75      Finally, in this case it cannot be said that the Ewok character as developed in the script is widely known by reason of the script in which Preston claims copyright. From his own evidence, Preston indicates that only he and Hurry would be aware of the contents of the script Space Pets, and aside from the allegations concerning the defendants, only one other person, a friend with whom he spent time in Alberta, was shown the script. He did talk about Ewoks with others, including the little people he encountered in Los Angeles in May 1982, the artist who prepared his logo design, and a friend through whom he made arrangements with two unnamed persons for auction sales of Ewok items of clothing. All of these activities together did not make well known the Ewok character as developed in the script. The process which made an Ewok well known, indeed famous, was the work under supervision of George Lucas and Lucasfilm Ltd. in production of the successful film, Return of the Jedi, and related distribution and promotional activities of the defendants.

106

76      In these circumstances, I conclude that the character of the Ewok as developed in the script Space Pets is not in itself subject to copyright.

107

Copyright in the script Space Pets

108

77      A third issue raised in these proceedings concerns the matter of copyright in the script Space Pets and, as it was put by counsel for the defendants, whether Preston was the author of the script. If he were not the author he could not claim relief for infringement of copyright. It will be recalled that among other relief claimed is a declaration that the plaintiff has copyright in the whole, or in the alternative in pages 1 and 2 of the script, and that copyright has been infringed by the defendants.

109

78      The plaintiff relies upon the presumptions set out in section 34(3) of the Copyright Act which provides in essence that in an infringement action the defendant carries the burden of proving that a work is not subject to copyright or that the author of the work is not the owner of the copyright.16

110

79      In this case the title of the plaintiff to the copyright was directly put in issue by the defendants. The notes which Preston says he wrote and provided to Hurry were thrown away by the latter and were not available for comparison with the script. The document is described by Hurry differently in its title, in his covering letter and in his sworn statement of 1984. The testimony of Preston and Hurry about the contribution of the latter to the script Space Pets differed somewhat, as did their memories about who originated the oral arrangements for Hurry to share in any proceeds from the script, and their recollections of when Preston first used the word “amanuensis”, a word that was frequently used at trial by both, but apparently with somewhat varying shades of meaning, to describe Hurry’s role in producing the script.

111

80      Since, as I have concluded, I find no infringement of copyright interests in the script, no reproducing of the script in any substantial way, in the film Return of the Jedi, there is, in my view no need to resolve this final issue for purposes of this case.
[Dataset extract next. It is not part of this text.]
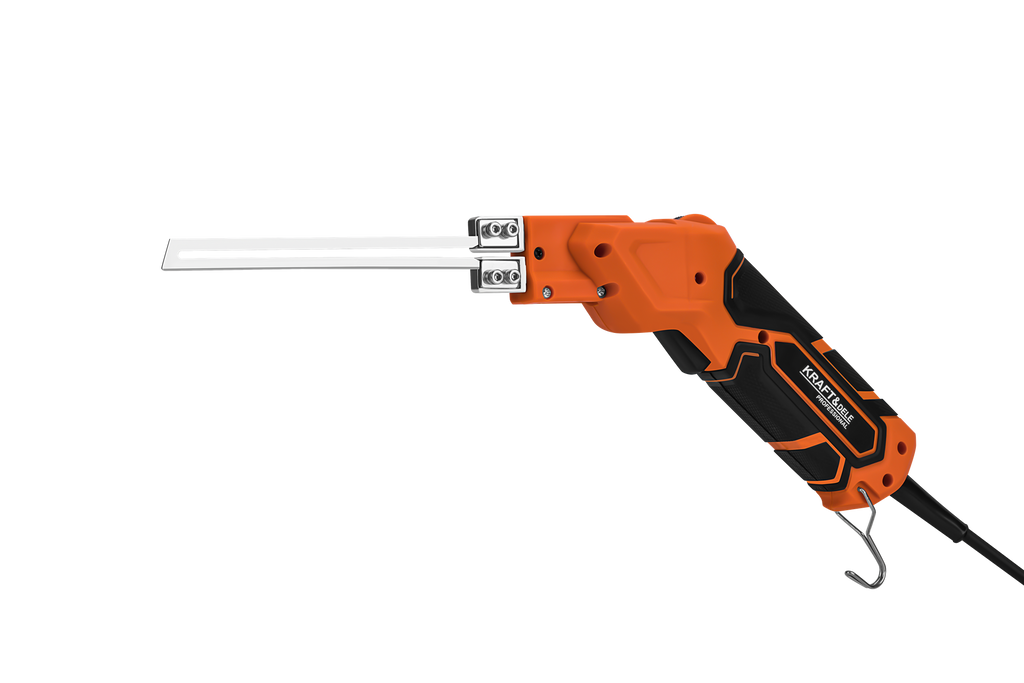 THERMAL KNIFE 250W KD5355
The point of the remedy sought by the plaintiff by way of declaration is directed to infringement claimed, not merely to the plaintiff’s rights in the script.

112

81      In the circumstances a declaration of the plaintiff’s rights in the script is unnecessary for disposition of the principal issue in this case, and that disposition determines the outcome. Further comment upon a matter unnecessary for disposition of the action is best avoided. Particularly is this so since the plaintiff has acquired under the Act a certificate of registration of copyright, dated December 21, 1989, in the literary work entitled Space Pets, an unpublished work, of which he is registered as the author and the owner.

113

82      Thus, I decline to determine the question of copyright in the script of Space Pets, though much evidence and considerable argument was directed to this issue.

114

Conclusion

115

83      The plaintiff has failed to establish on a balance of probabilities that the defendants here produced or reproduced or adapted in substantial part the script Space Pets in the film Return of the Jedi.

116

84      For the reasons outlined I find that there is no substantial similarity between the script Space Pets and the film Return of the Jedi, that the character of the Ewok as developed in the script is not a matter protected by copyright, and that the defendants have not infringed any copyright interest of the plaintiff in the script of Space Pets.

117

85      At trial testimony concerning alleged copying was directed to the film, considerably assisted by use of booklets derived from the film and authorized by Lucasfilm Ltd. Though none of this ancillary material was itself characterized as infringing on the plaintiff’s claimed copyright interests, the statement of claim herein does refer to “various other forms and mediums”, in addition to the film. My conclusions about the film relate to all materials before the Court which are derived from Return of the Jedi and authorized by the defendants.

118

86      An order goes dismissing the action with costs.

119


Footnotes

 

1

In the pleadings the plaintiff also claims as a basis for relief, in the alternative to the alleged infringement of copyright, that the defendants were in breach of an implied contract by conduct with the plaintiff to negotiate a reasonable fee for the use of the literary work “Space Pets”. This basis was withdrawn by counsel for the plaintiff at the time of the hearing, and no argument was directed to it, apparently in light of the perceived jurisdiction of this Court. Further, the original and amended pleadings also included a claim for “damages for dishonest industrial or commercial usage in Canada pursuant to the Trade Marks Act of Canada”, a claim not pursued at the hearing. In Reasons for Order of Mr. Justice Strayer in an interlocutory proceeding in this matter, dated July 3, 1987, reference is made that “during argument counsel for the plaintiff confirmed that his client was not claiming infringement of any trade mark”. In accordance with this no claim based on the Trade Marks Act was argued at the hearing. The trial thus proceeded as a hearing in relation to the plaintiff’s claims based solely on alleged infringement of copyright.

 

2

By Order of Muldoon J. made June 7, 1988, issues of fact arising in relation to the claims for punitive and exemplary damages, for an accounting, for damages for dishonest industrial or commercial usage pursuant to the Trade Marks Act and for interest, were to be the subject of a reference after trial. The Amended Amended Statement of Claim, filed May 3, 1989 added the claim for general damages in the amount of $100 million, but it was later agreed by counsel for the plaintiff, in a pre-trial conference with Jerome A.C.J. held August 15, 1989, that the matter would proceed to trial with a $5 million claim.

 

3

Three witnesses were called as experts on behalf of the plaintiff to advise the Court on their assessment of similarities and probabilities and two were offered on behalf of the defendants in rebuttal. Submissions of the qualifications of each were made as they were presented and two witnesses offered by each party were accepted and testified as experts.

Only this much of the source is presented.